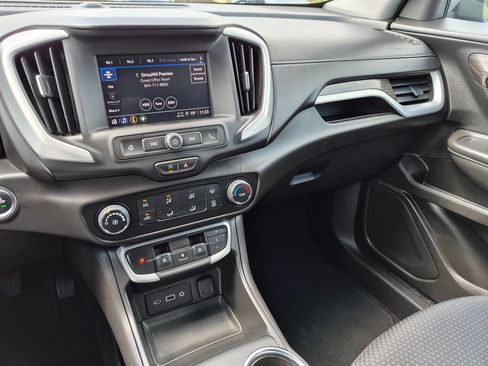 Used 2024 GMC Terrain SLE FWD image 22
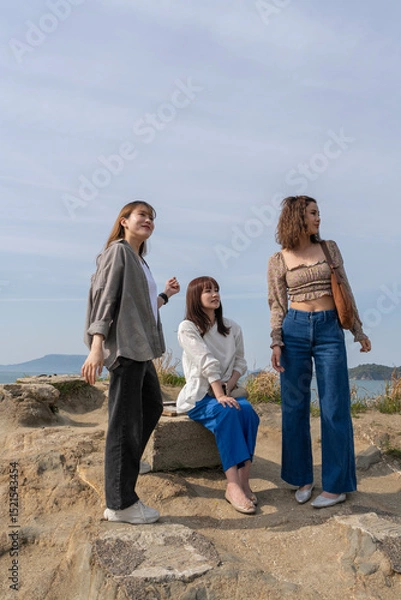 Fototapeta 友人たちと旅をする女性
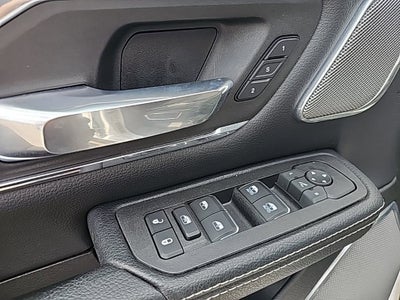 2025 RAM 1500 Laramie Crew Cab 4x4 5'7" Box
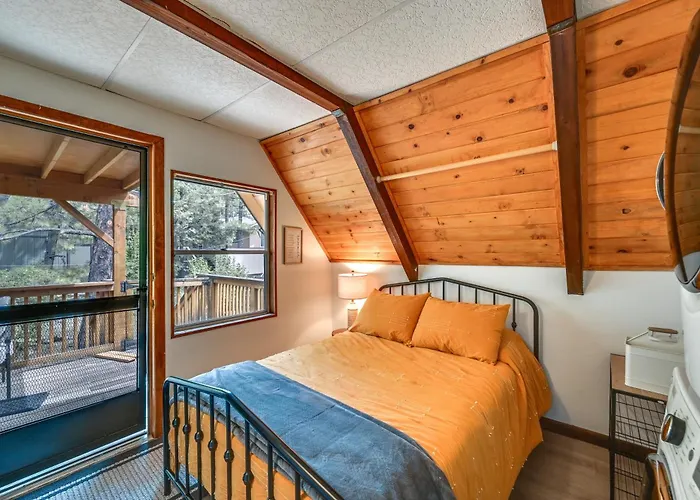 Deck & Grill: A-Frame Cabin In Munds Park!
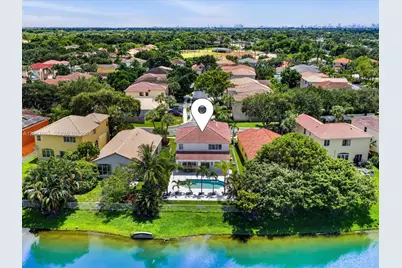 1800 NW 78th Ave, Pembroke Pines, FL 33024 - Photo 20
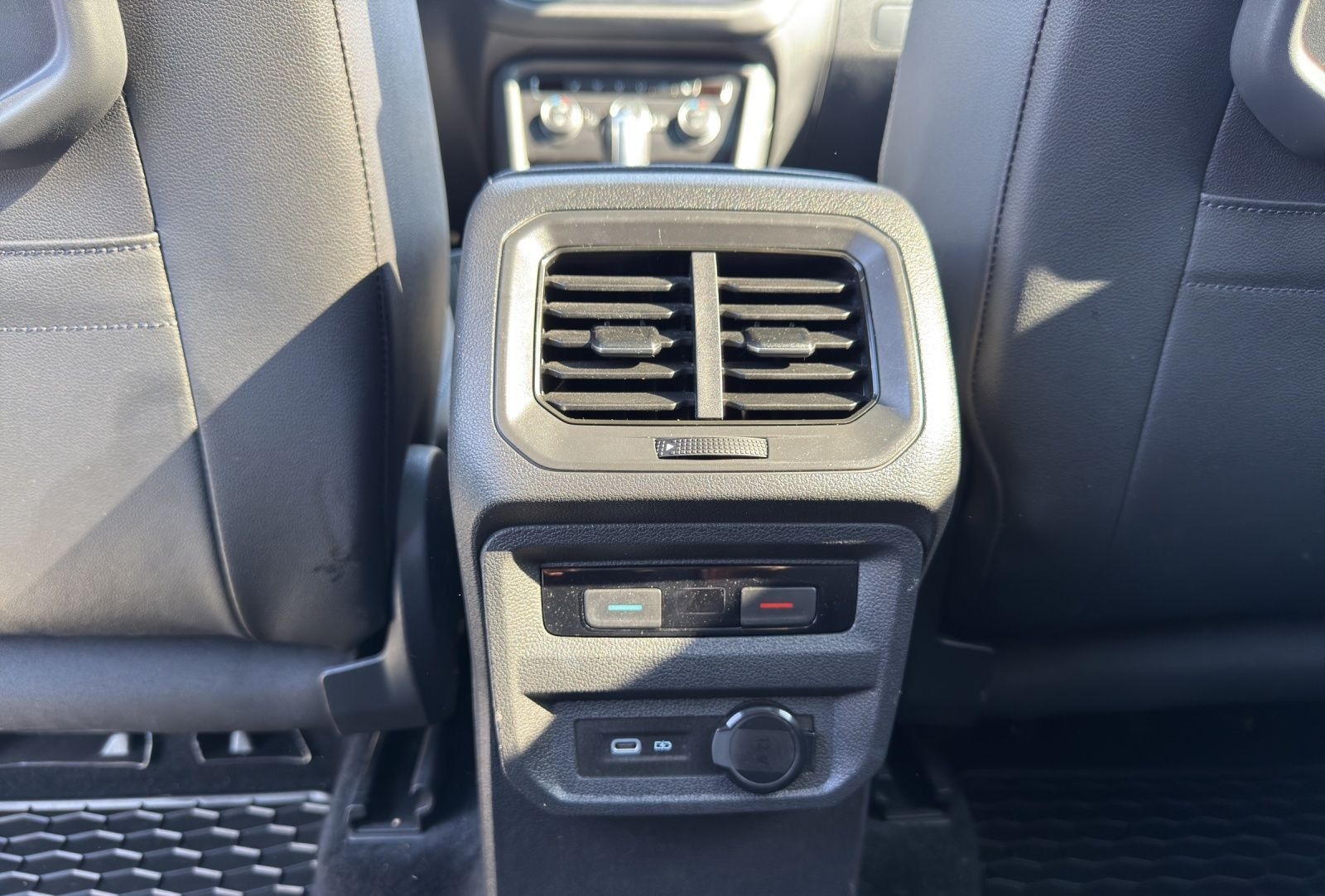 Volkswagen Tiguan Allspace Highline 4MOTION  2.0TDI PANO*R- foto 17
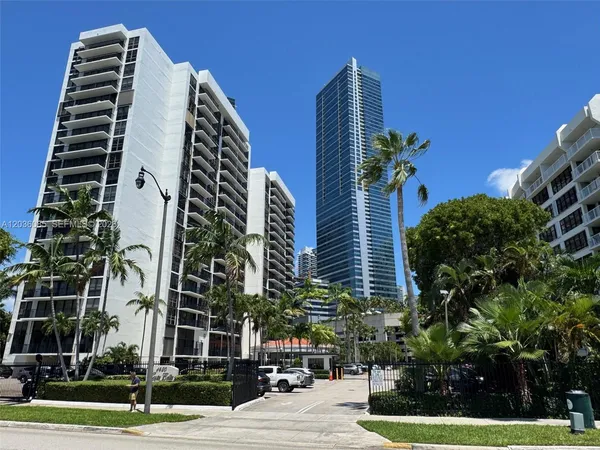 $3,700 | 1450 Brickell Bay Drive, Unit 1003, Miami, FL 33131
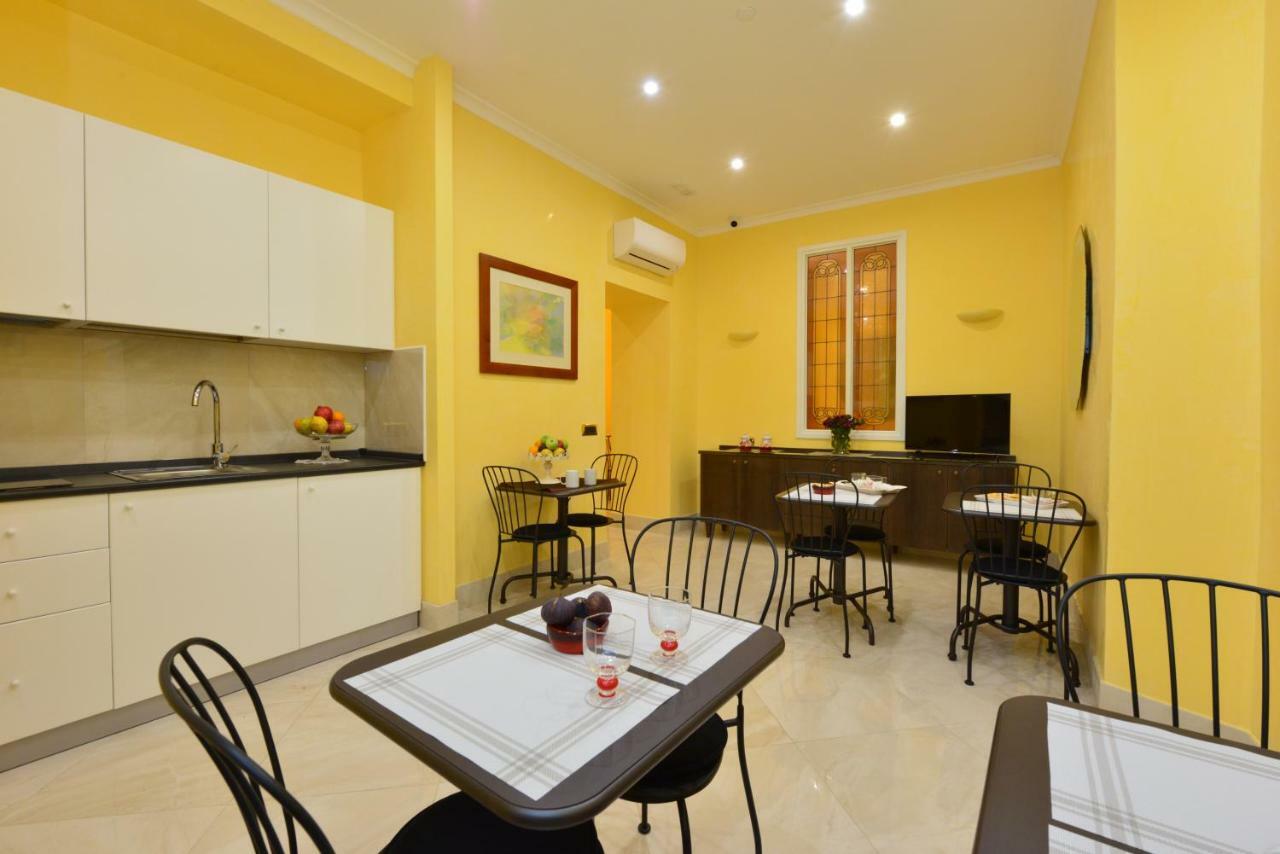 Fabio Dei Velapazza Guesthouse Rome Bagian luar foto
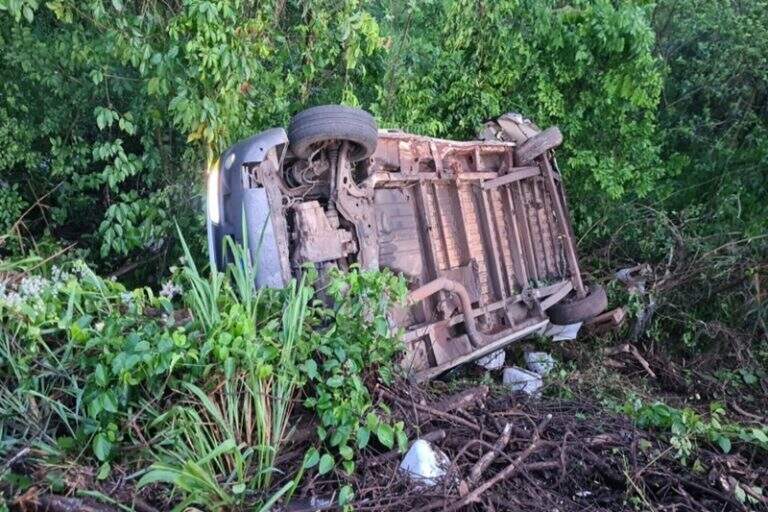 Motorista que voltava do interior de SP capota na BR-277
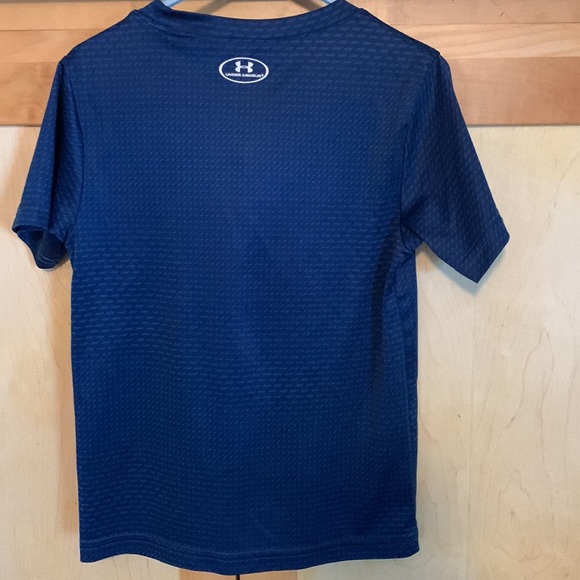 Under Armour shirt. Size boy 4 - Picture 4 of 5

---+---

* _What you have to do_: In your copy, include no pictures and only the lines from the line with "Volkswagen Tiguan Allspace" through the final line of the listing above, reproduced exactly.

* _Result of this task_:
 Volkswagen Tiguan Allspace Highline 4MOTION  2.0TDI PANO*R- foto 17
 $3,700 | 1450 Brickell Bay Drive, Unit 1003, Miami, FL 33131
 Fabio Dei Velapazza Guesthouse Rome Bagian luar foto
 Motorista que voltava do interior de SP capota na BR-277
 Under Armour shirt. Size boy 4 - Picture 4 of 5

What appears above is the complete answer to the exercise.